Re: [PATCH v3 00/11] builtin/cat-file: allow filtering objects in batch mode

[Date Prev][Date Next][Thread Prev][Thread Next][Date Index][Thread Index]

 



Patrick Steinhardt <ps@xxxxxx> writes:

> Hi,
>
> at GitLab, we sometimes have the need to list all objects regardless of
> their reachability. We use git-cat-file(1) with `--batch-all-objects` to
> do this, and typically this is quite a good fit. In some cases though,
> we only want to list objects of a specific type, where we then basically
> have the following pipeline:
>
>     git cat-file --batch-all-objects --batch-check='%(objecttype) %(objectname)' |
>     grep '^commit ' |
>     cut -d' ' -f2 |
>     git cat-file --batch
>
> This works okayish in medium-sized repositories, but once you reach a
> certain size this isn't really an option anymore. In the Chromium
> repository for example [1] simply listing all objects in the first
> invocation of git-cat-file(1) takes around 80 to 100 seconds. The
> workload is completely I/O-bottlenecked: my machine reads at ~500MB/s,
> and the packfile is 50GB in size, which matches the 100 seconds that I
> observe.
>
> This series addresses the issue by introducing object filters into
> git-cat-file(1). These object filters use the exact same syntax as the
> filters we have in git-rev-list(1), but only a subset of them is
> supported because not all filters can be computed by git-cat-file(1).
> Supported are "blob:none", "blob:limit=" as well as "object:type=".
>
> The filters alone don't really help though: we still have to scan
> through the whole packfile in order to compute the packfiles.
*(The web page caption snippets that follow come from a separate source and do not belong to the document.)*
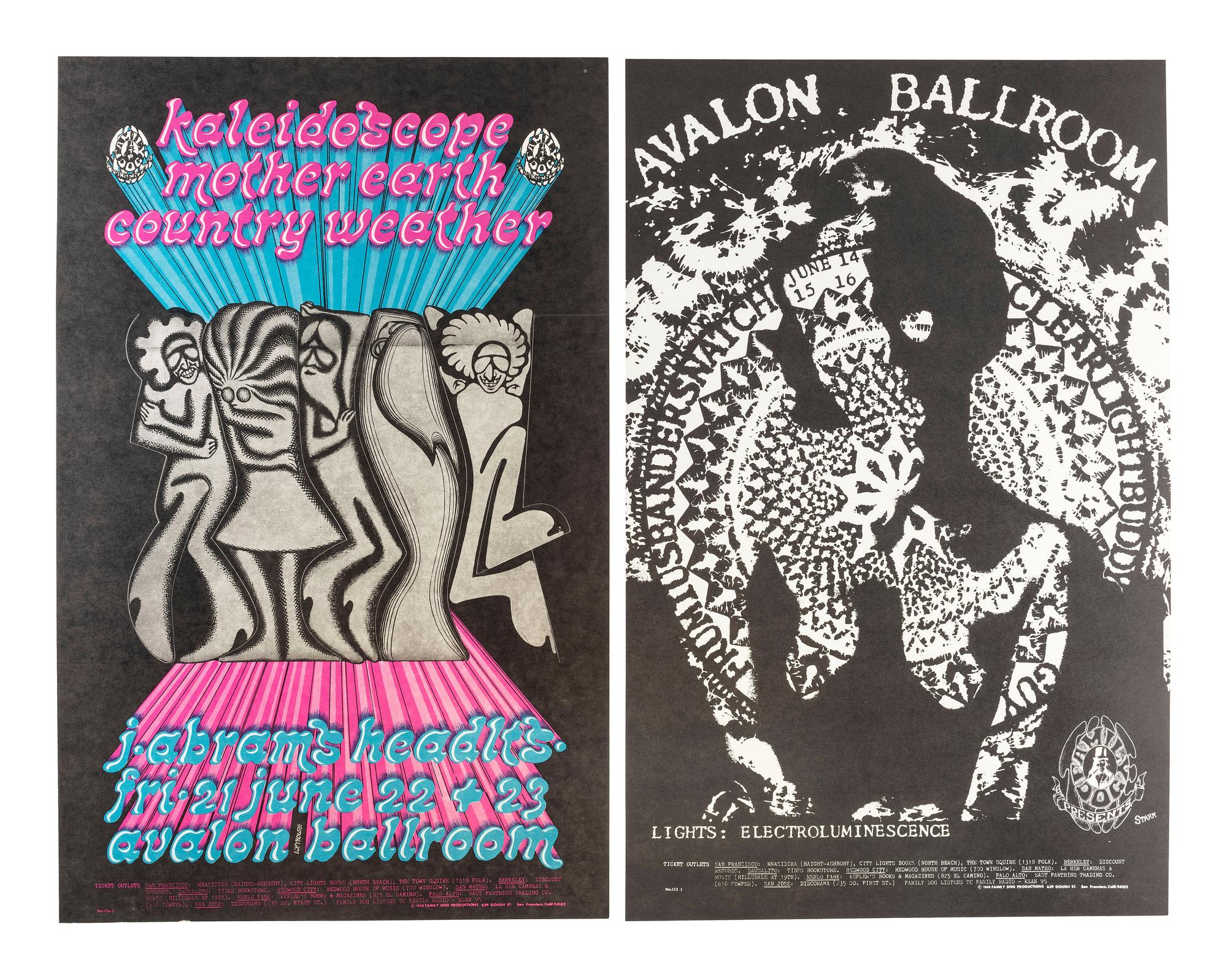 [MUSIC] -- [POSTERS]. LUNDGREN, Carl, SCHNEPF, Bob, HENRY, William S., THOMPSON, John, artists. A group of 8 Family Dog posters from 1968, comprising:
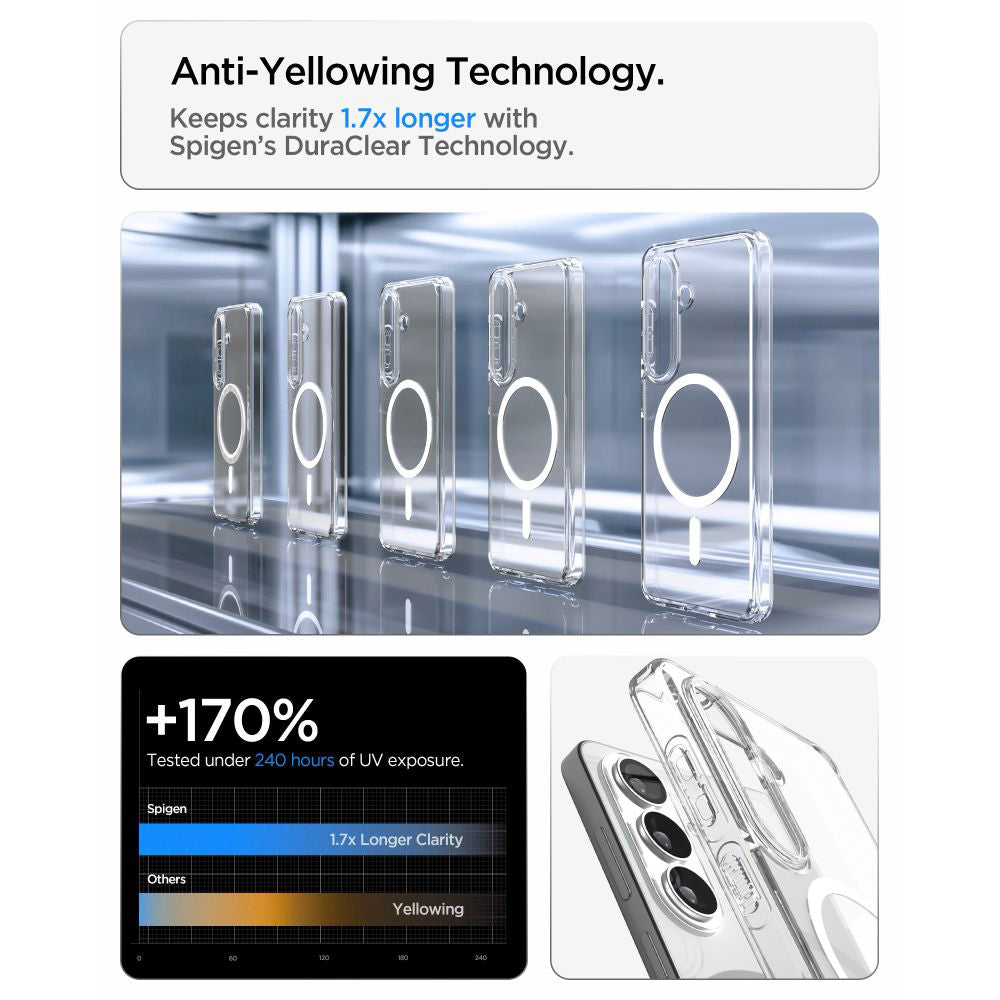 MagSafe Case for Samsung Galaxy S26 S942, Spigen, Ultra Hybrid, White Transparent ACS10734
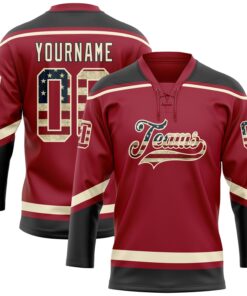 Custom Maroon Vintage USA Flag Cream-Black Hockey Lace Neck Jersey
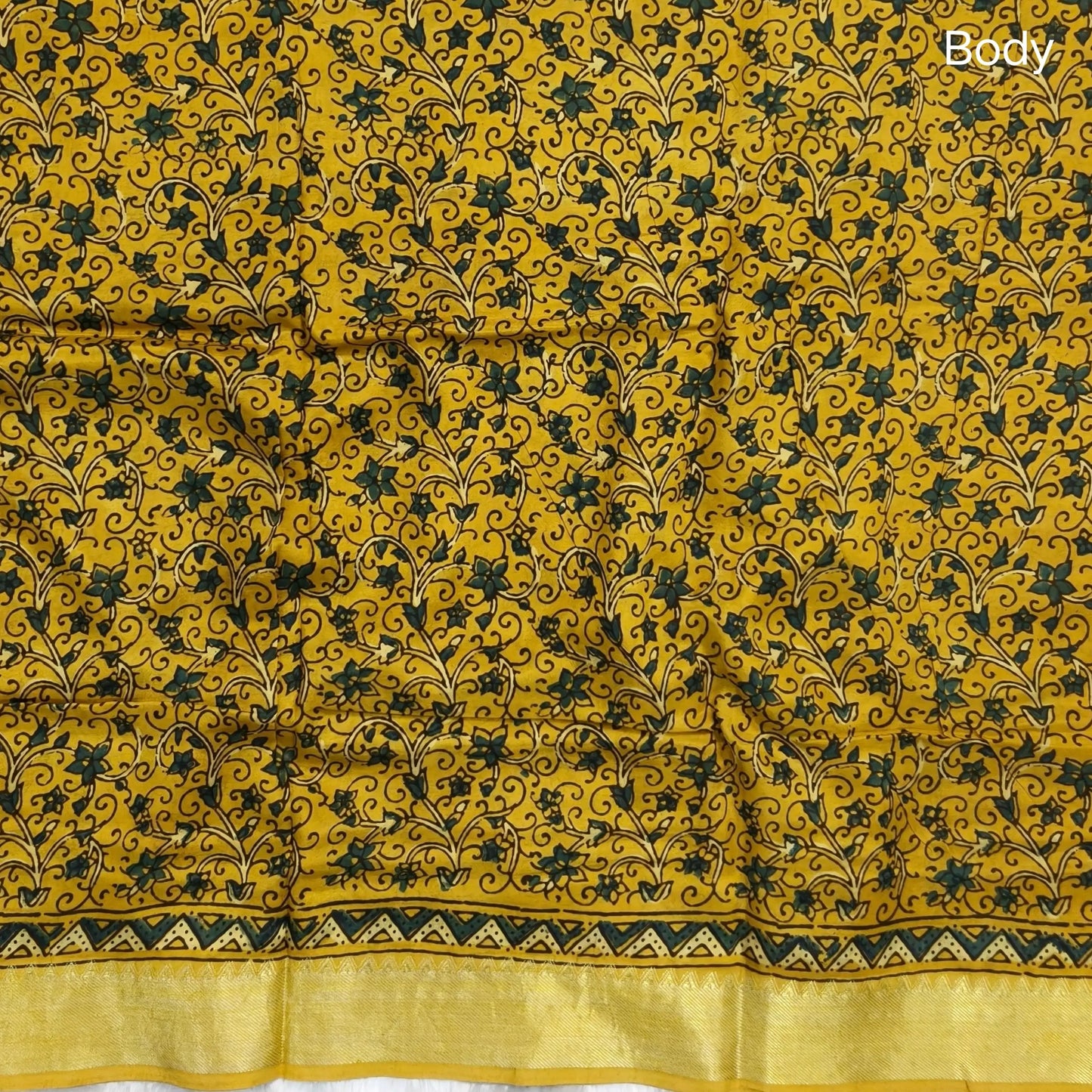 Mehandhi yellow ajrak hand block printed pure dola silk saree, benarasi zari woven double side borders, hand block printed pallu, running blouse with borders.(DRY CLEAN RECOMMENDED , MILD STAINS AND DYES ARE NOT DEFECTS). NS99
While we
> are able to shed a bit of CPU time because we can stop emitting some of
> the objects, we're still I/O-bottlenecked.
>
> The second part of the series thus expands the filters so that they can
> make use of bitmap indices for some of the filters, if available. This
> allows us to efficiently answer the question where to find all objects
> of a specific type, and thus we can avoid scanning through the packfile
> and instead directly look up relevant objects, leading to a significant
> speedup:
>
>     Benchmark 1: cat-file with filter=object:type=commit (revision = HEAD~)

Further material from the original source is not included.